The surge is part of an effort to move toward more online learning and computer-based standardized tests. But it comes just two years after the city declared a victory on the technology front, saying that every classroom in every school had had plug-in Internet connections and wireless access set up, an undertaking that cost roughly half a billion dollars over several years.
Some local officials are questioning the timing, since the city is also planning to cut $1.3 billion from its budget for new school construction over the next three years, and to eliminate 6,100 teaching positions, including 4,600 by layoffs.
While state law prevents capital funding, the source of much of the technology spending, from being used for salaries, both moves are likely to make class sizes rise.
“It is particularly large in the context of a fiscal crisis which the mayor reports is so dire that he may eliminate some 6,000 teaching positions,” Scott M. Stringer, the Manhattan borough president, wrote in a letter to the schools chancellor, Cathleen P. Black, last week.
Other critics have cited concerns about how the city has managed other high-price technology projects — notably CityTime, the automated payroll system that swelled to $700 million from $63 million, including what prosecutors called $80 million in false billing and kickbacks.
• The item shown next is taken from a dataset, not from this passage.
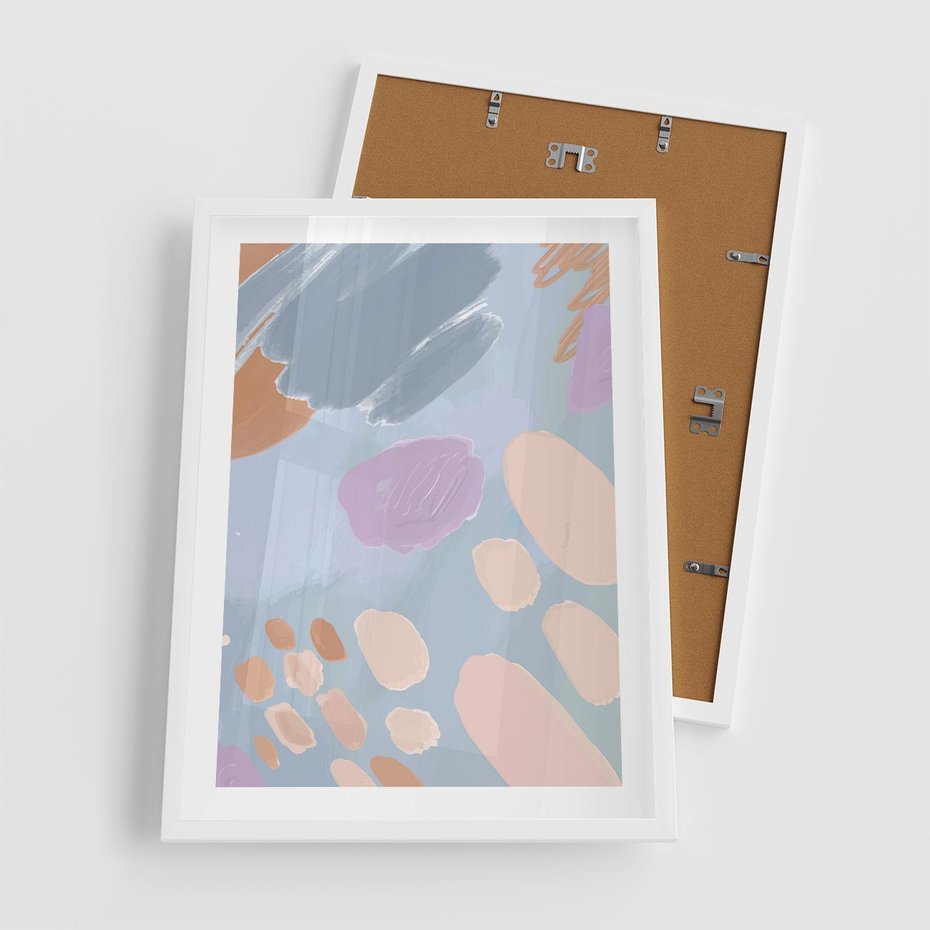 Plakat w ramie 50x70 - Migocące Pastelowe Spektrum - abstrakcyjne akwarelowe plamy, pastele - rama biała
The city comptroller, John C. Liu, announced audits last week of spending on online learning and of the Achievement Reporting and Innovation System, or ARIS, an $80 million school information database that cost more than projected and has been criticized for not living up to its promise of helping schools track student progress effectively.
“We’ve seen before how the city’s I.T. projects can run up exorbitant fees when they’re not properly monitored,” said H. Tina Kim, the city’s deputy comptroller for audits.
City education officials are not shy about their goal to more fully integrate computers into everyday instruction. Instead of a lonely desktop or two at the back of a room, officials picture entire classrooms of students going online simultaneously, taking Internet-based classes or assessments to measure both their and their teachers’ performance. This school year alone, the city has issued $50 million in contracts to build an online course-management system, called iLearn NYC, as well as to provide training and to pay companies like Rosetta Stone and Pearson Education to provide content. [emphasis mine]When I started using the term "Halliburton High," I was being facetious. But I wouldn't be surprised if it literally happened in the next few years.
They are going to slash teacher salaries and benefits, but they're not going to give the money back to the taxpayers; they're going to allow our schools to go the way of the military and become nothing more than a boondoggle that benefits a new generation of bloated government contractors.
Does anyone care about this? Or are we going to continue to be distracted by the possibility that we might have some teachers who get to go to the dentist?